■ **Exercise details**: Down to the last line, print the data that follows exactly, without its pictures.

■ **Provided data**:
★ ★ ★ ★ ★

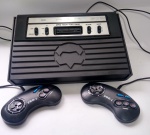 Antigo Vídeo Game APLE VISION - Nova geração DACTAE - Acompanha 2 Controles+ fonte de energia + manual do proprietário - Na caixa original - Em bom estado de conservação. Porém não foi testado - Sistema VCS tipo Atari - Medida da caixa: 45 x 25 x 12 cm.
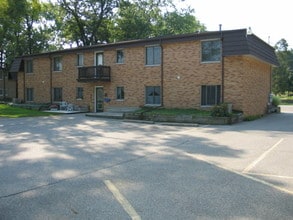 428 Butternut Dr in Holland, MI - Building Photo - Building Photo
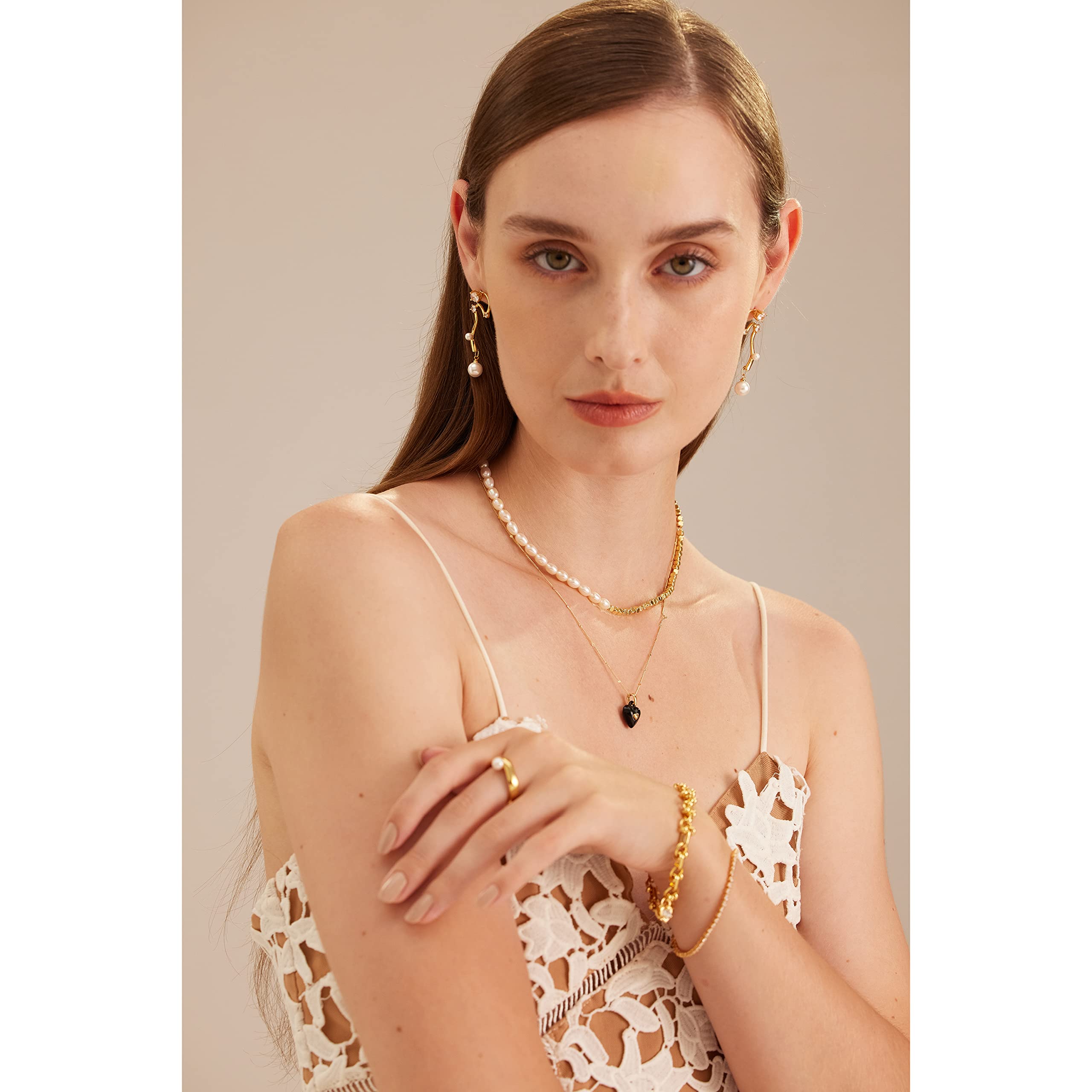 Elegant C.Paravano Women's Necklace - Gold/Silver Chain Pendant Jewelry for Everyday Wear & Special Occasions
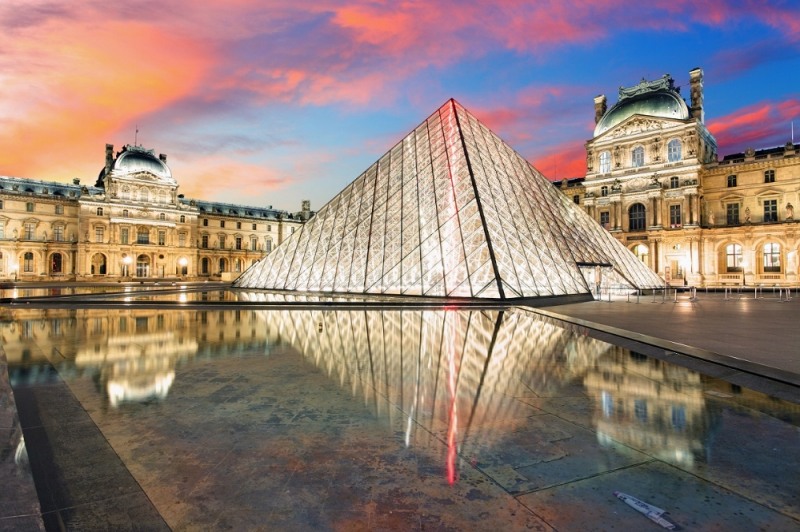 인터파크투어, 유럽 현지 라이브 방송 특별 편성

★ ★ ★ ★ ★

■ **Exercise answer**:
 Antigo Vídeo Game APLE VISION - Nova geração DACTAE - Acompanha 2 Controles+ fonte de energia + manual do proprietário - Na caixa original - Em bom estado de conservação. Porém não foi testado - Sistema VCS tipo Atari - Medida da caixa: 45 x 25 x 12 cm.
 428 Butternut Dr in Holland, MI - Building Photo - Building Photo
 Elegant C.Paravano Women's Necklace - Gold/Silver Chain Pendant Jewelry for Everyday Wear & Special Occasions
 인터파크투어, 유럽 현지 라이브 방송 특별 편성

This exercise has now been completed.